BeeGFS storage servers are typically used with an underlying RAID to transparently handle disk errors. Using BeeGFS with shared storage is also possible to handle server failures. The built-in BeeGFS Buddy Mirroring approach goes even one step further by tolerating the loss of complete servers including all data on their RAID volumes - and that with commodity servers and shared-nothing hardware.
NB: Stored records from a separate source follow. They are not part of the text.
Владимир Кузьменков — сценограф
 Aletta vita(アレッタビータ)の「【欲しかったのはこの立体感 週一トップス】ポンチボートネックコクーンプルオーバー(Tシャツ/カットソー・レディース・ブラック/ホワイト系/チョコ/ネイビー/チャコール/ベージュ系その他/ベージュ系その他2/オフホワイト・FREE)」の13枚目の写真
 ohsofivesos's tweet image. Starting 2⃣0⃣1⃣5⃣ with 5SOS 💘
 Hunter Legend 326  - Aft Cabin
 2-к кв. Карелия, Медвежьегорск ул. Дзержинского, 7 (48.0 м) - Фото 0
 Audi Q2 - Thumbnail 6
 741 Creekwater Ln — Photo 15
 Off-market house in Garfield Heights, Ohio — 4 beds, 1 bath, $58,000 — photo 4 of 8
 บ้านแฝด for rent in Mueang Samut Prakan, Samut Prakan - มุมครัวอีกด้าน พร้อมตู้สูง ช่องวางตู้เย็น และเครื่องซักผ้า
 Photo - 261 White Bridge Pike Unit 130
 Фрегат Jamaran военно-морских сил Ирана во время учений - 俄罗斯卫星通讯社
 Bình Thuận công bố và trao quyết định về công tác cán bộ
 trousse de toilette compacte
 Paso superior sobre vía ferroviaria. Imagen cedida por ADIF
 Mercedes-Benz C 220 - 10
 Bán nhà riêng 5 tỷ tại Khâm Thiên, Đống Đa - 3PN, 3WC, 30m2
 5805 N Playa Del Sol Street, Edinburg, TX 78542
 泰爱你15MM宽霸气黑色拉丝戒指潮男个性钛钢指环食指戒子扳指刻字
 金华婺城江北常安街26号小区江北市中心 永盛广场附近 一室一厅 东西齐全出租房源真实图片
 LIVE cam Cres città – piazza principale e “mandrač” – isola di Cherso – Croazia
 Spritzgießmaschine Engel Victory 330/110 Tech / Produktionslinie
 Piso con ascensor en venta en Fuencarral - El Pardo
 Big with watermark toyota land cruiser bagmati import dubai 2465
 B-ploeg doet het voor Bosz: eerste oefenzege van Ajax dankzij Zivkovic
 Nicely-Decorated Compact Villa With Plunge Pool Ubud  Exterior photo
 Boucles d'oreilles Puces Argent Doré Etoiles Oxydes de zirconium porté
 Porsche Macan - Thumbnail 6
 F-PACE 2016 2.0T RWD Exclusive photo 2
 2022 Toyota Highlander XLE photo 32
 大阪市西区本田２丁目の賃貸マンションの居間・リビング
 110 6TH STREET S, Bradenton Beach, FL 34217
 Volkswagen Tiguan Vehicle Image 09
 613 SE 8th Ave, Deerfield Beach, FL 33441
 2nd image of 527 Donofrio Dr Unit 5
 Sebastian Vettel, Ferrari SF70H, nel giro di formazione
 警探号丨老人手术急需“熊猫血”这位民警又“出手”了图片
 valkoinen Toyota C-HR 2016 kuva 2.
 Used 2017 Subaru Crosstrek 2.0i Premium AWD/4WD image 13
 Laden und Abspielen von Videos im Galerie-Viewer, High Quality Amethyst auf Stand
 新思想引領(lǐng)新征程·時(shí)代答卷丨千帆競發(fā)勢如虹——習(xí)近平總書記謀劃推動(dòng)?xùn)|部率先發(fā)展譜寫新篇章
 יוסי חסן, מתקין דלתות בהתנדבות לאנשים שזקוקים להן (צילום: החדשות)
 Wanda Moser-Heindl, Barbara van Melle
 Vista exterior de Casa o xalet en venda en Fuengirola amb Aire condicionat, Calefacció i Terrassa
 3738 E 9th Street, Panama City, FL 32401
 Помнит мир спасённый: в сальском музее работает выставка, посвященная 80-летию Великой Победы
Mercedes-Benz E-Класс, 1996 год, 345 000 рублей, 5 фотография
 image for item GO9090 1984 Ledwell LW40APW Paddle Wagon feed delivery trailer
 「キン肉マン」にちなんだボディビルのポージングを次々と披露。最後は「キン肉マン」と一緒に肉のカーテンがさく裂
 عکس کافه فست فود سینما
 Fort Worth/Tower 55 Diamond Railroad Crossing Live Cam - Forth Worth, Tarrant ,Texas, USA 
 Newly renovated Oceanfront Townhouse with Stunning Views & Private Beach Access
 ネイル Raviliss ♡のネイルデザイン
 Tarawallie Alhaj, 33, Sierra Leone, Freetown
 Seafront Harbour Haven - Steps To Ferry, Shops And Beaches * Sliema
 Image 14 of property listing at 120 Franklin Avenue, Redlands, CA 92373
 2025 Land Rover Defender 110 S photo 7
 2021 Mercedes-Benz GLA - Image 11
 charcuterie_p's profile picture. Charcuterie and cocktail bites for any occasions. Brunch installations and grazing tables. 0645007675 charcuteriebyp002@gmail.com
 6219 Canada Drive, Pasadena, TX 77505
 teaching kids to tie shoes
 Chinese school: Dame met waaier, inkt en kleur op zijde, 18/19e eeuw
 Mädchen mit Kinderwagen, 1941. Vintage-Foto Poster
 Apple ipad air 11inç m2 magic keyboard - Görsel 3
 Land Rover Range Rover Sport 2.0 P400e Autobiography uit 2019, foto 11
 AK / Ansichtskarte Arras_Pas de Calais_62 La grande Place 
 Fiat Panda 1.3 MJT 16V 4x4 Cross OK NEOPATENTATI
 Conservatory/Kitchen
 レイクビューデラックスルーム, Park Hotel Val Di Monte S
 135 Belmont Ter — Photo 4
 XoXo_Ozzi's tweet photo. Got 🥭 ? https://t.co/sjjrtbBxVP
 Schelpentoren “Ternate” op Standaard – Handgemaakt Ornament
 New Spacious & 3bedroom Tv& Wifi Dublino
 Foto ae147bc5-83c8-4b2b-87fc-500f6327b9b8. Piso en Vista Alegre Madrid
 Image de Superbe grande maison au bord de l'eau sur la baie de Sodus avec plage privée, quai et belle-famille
The built-in BeeGFS Buddy Mirroring automatically replicates data, handles storage server failures transparently for running applications and provides automatic self-healing when a server comes back online, efficiently resyncing only the files that have changed while the machine was offline.
BeeGFSv7: Newest features
Free space balancing when adding new hardware
Metadata event logging enhancement
Kernel 4.14, 4.15 support
NIC handling during startup
We already talked about the BeeGFS key aspects scalability, flexibility and usability and what‘s behind them. But there are way more features in BeeGFS:
Runs on various platforms, such as x86, OpenPOWER, ARM, Xeon Phi and more
Re-export through Samba or NFSv4 possible
Support for user/group quota and ACLs
Fair I/O option on user level to prevent a single user with multiple requests from stalling requests of other users
Automatic network failover, e.g. if InfiniBand is down, BeeGFS automatically switches to Ethernet and back later
Online file system sanity check that can analyze and repair while the system is in use
Built-in benchmarking tools to help with optimal tuning for specific hardware and evaluate hardware capabilities
Support for cloud deployment on e.g. Amazon EC2 or Microsoft Azure
Happy Users World-Wide
BeeGFS is widely popular among universities and the global research community, powering some of the fastest supercomputers in the world to help scientists analyze large amounts of data efficiently every day.
BeeGFS is the parallel file system of choice in life sciences. The fast growing amount of genomics data to store and analyze quickly in fields like Precision Medicine make BeeGFS the first choice for our customers.
Finance, Oil & Gas, Media, Automotive, ...
BeeGFS is used in many different industries all around the globe to provide fast access to storage systems of all kinds and sizes, from small scale up to enterprise-class systems with thousands of hosts.